It sounds like you have some familiarity with the Trinity study that one of the posters referenced. If you have not already done so, you may wish to check out The Retire Early board here on TMF (in Speakers' Corner) and should check out the Retire Early Home Page (which is maintained by "intercst") at":

http://www.geocities.com/WallStreet/8257/reindex.html

or

http://www.retireearlyhomepage.com/

"Now I will grant you that if you are in reasonably good health and retire at a relatively young age, you may have to live off of your assets for 30 or even 40 years. And you may be as physically and mentally fit at 85 as you were at 65. However, that is only one scenario, and as I read the discussions I am equally struck by how little consideration seems to be given to the other scenario, which is that you die in your sixties or seventies. Or, ten years down the road you cannot do the things you can do now, for whatever reason."

This is a very personal decision. I suspect that it is driven as much by fear, as anything else. While dying just as the last dollar is spent sounds appealing, we generally do not know when we will die, and outliving one's money is the least appealling alternative. Thus, it is a form of "worst" case planning.

In addition, the idea of re-entering the work force at 85 after 20 or 25 years retirement is not at all appealing to most people, and is probably not very feasible (at least with respect to the very well paying professions or executive jobs).

"I am, as I said, 59, and I have a portfolio of $1,000,000, a nice house on the Chesapeake Bay, some toys and no debt. That makes it feasible that I could retire, but my portfolio is not so great that it becomes a shoo-in. I am, as far as I know, in reasonably good health; however, I need only look at the obituaries and consider friends of mine who are already gone to realize that I may have only 10-15 years to live (or less). Or, I may have only 10-15 "good" years, meaning years in which I can do what I do now."

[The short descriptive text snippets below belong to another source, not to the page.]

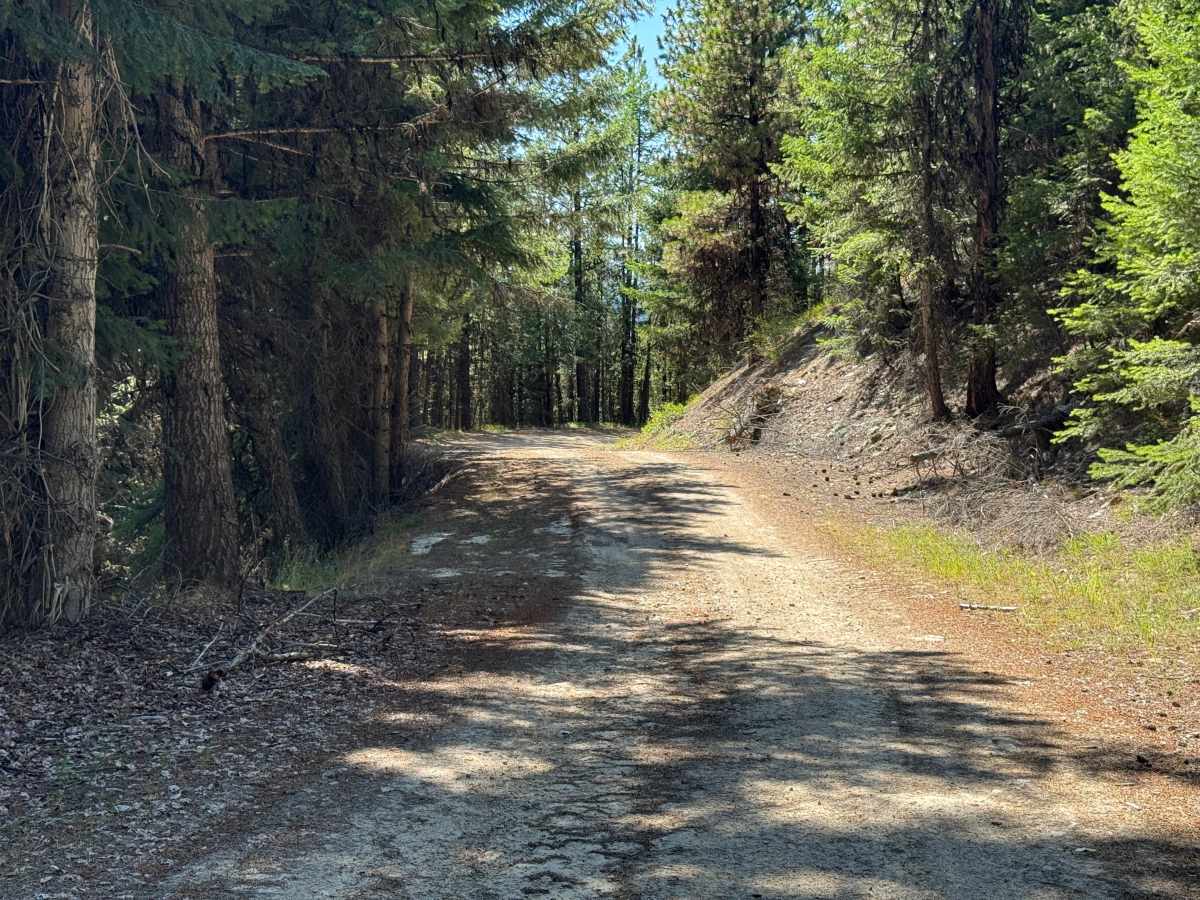 Rock Creek Road - FSR 444 photo 5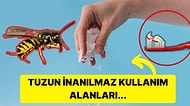 Tadınız Tuzunuz Kaçmasın! Tuzu Mutfak Dışında Kullanabileceğiniz Birbirinden İlginç Yerler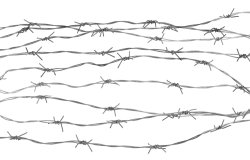 barbed wire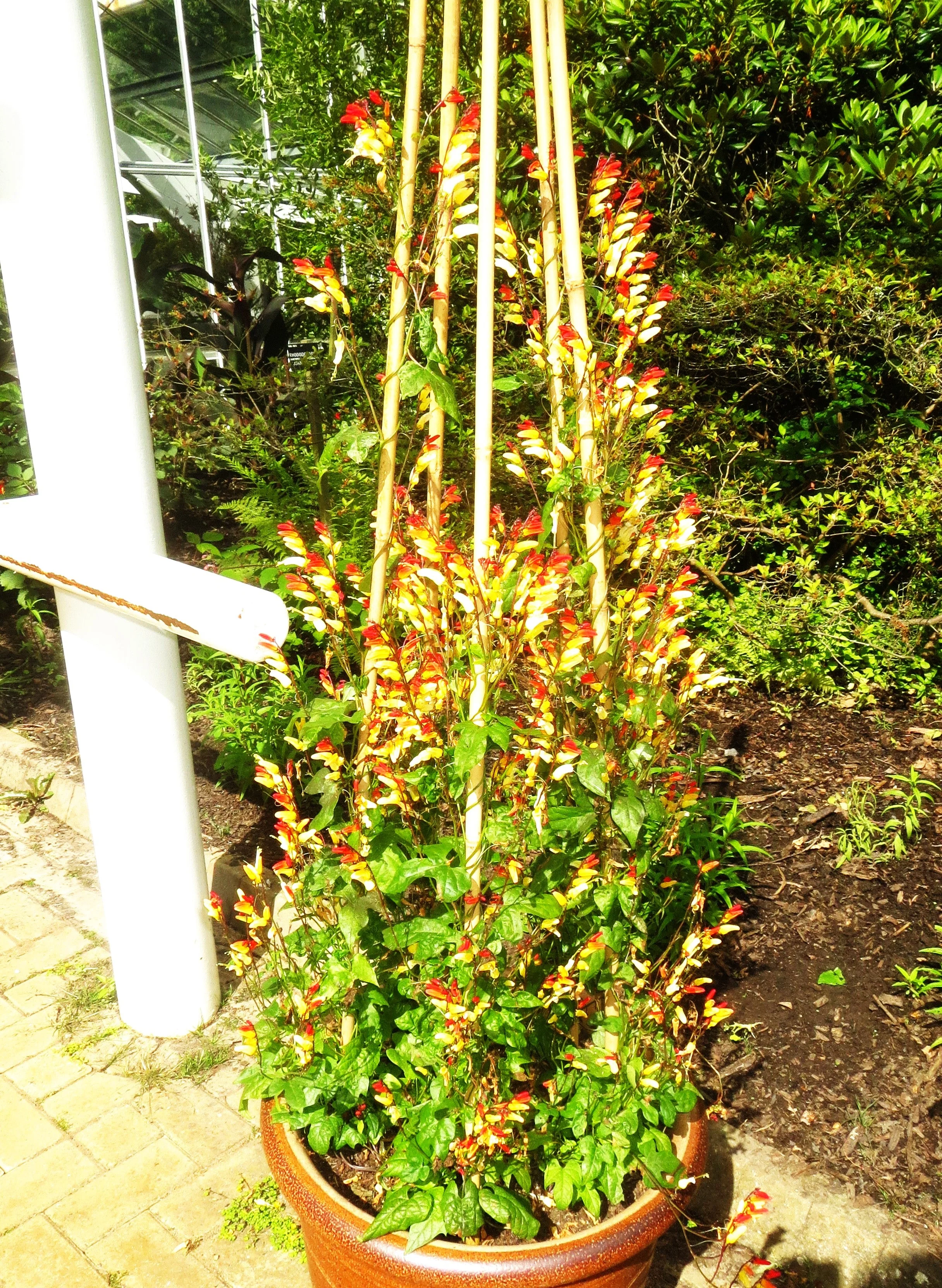 Firecracker Vine - Image 8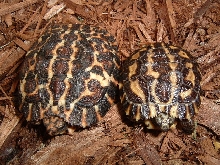 planicaudaX2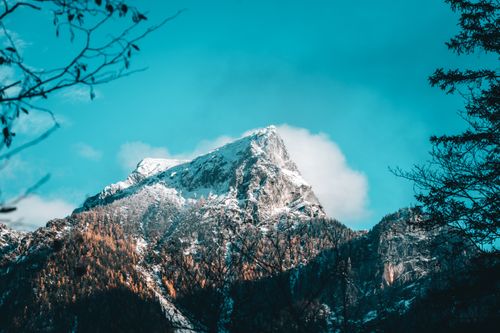 Free Stunning view of a snow-capped mountain peak against a bright blue sky framed by trees. Stock Photo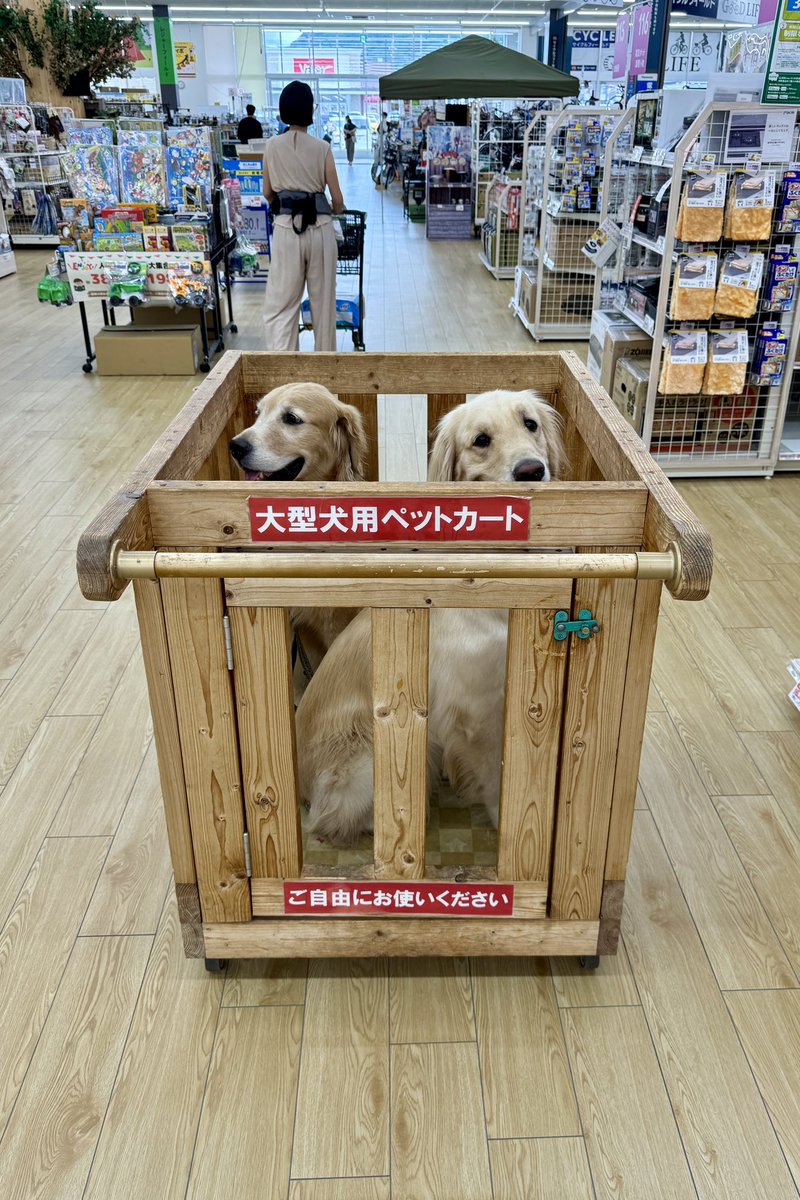 可愛い🥺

Or you could be in a car accident tomorrow; or maybe 30+ really good years. I have a great uncle who is 92+, still lives in his own home and takes care of his daily needs (but does hire out most maintenance work), still drives himself wherever he needs to go, and carries on pretty much as he has for the last 20 years.

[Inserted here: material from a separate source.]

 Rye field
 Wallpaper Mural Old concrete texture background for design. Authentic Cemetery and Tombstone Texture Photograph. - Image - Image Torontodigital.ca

What you did not mention at all is your budget or expected retirement budget. Alot of people would be long gone at your age and with your portfolio, but that is not feasible if you are accustomed to, and plan on continuing, a 200k budget. Actually there was an extended thread on The Retire Early board, quite some time ago, about how to measure and adjust a full-time work budget to a retired and not working budget; you can search for the thread, if you are interested (or maybe intercst will post the link).

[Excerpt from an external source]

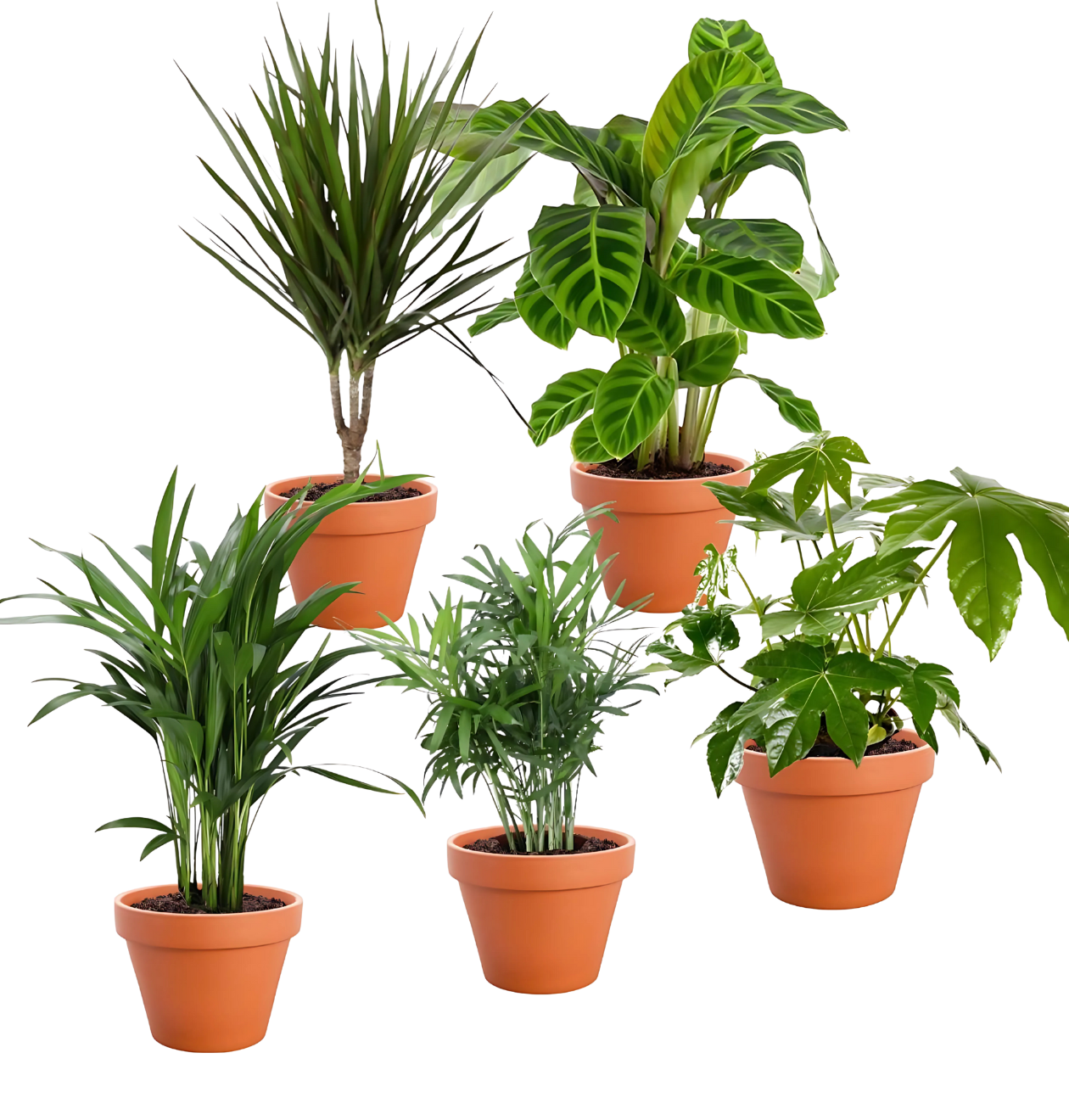 5er-Set „Palmenoase“ | Goldfruchtpalme, Bergpalme, Drachenbaum, Korbmarante & Zimmeraralie | ca. 40-55 cm | Ø 12-15 cm Topf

Depending upon your numbers, you might divide your portfolio into to portions - one that would sustain minimally acceptable budget indefintitely and one that would support and could be consumed over the next 15 years to support the early extras while still young and healthy.

For example, 750k invested long-term (28k annual income at 4%, which could probably be inflation adjusted each year) and 250k in an immediate annuity with a 15 year payout (I do not know how much income this would generate - but am guessing 28-30k) to increase current income for next 15 years. (Yes, I am aware that TMF generally is down on annuities, and you would be signing away the upside, too). Thus, current income would be in the 56k starting range year 1, with some inflation adjustment - or 5.6%, substantially larger than the 4% safe rate. Just a theoretical idea.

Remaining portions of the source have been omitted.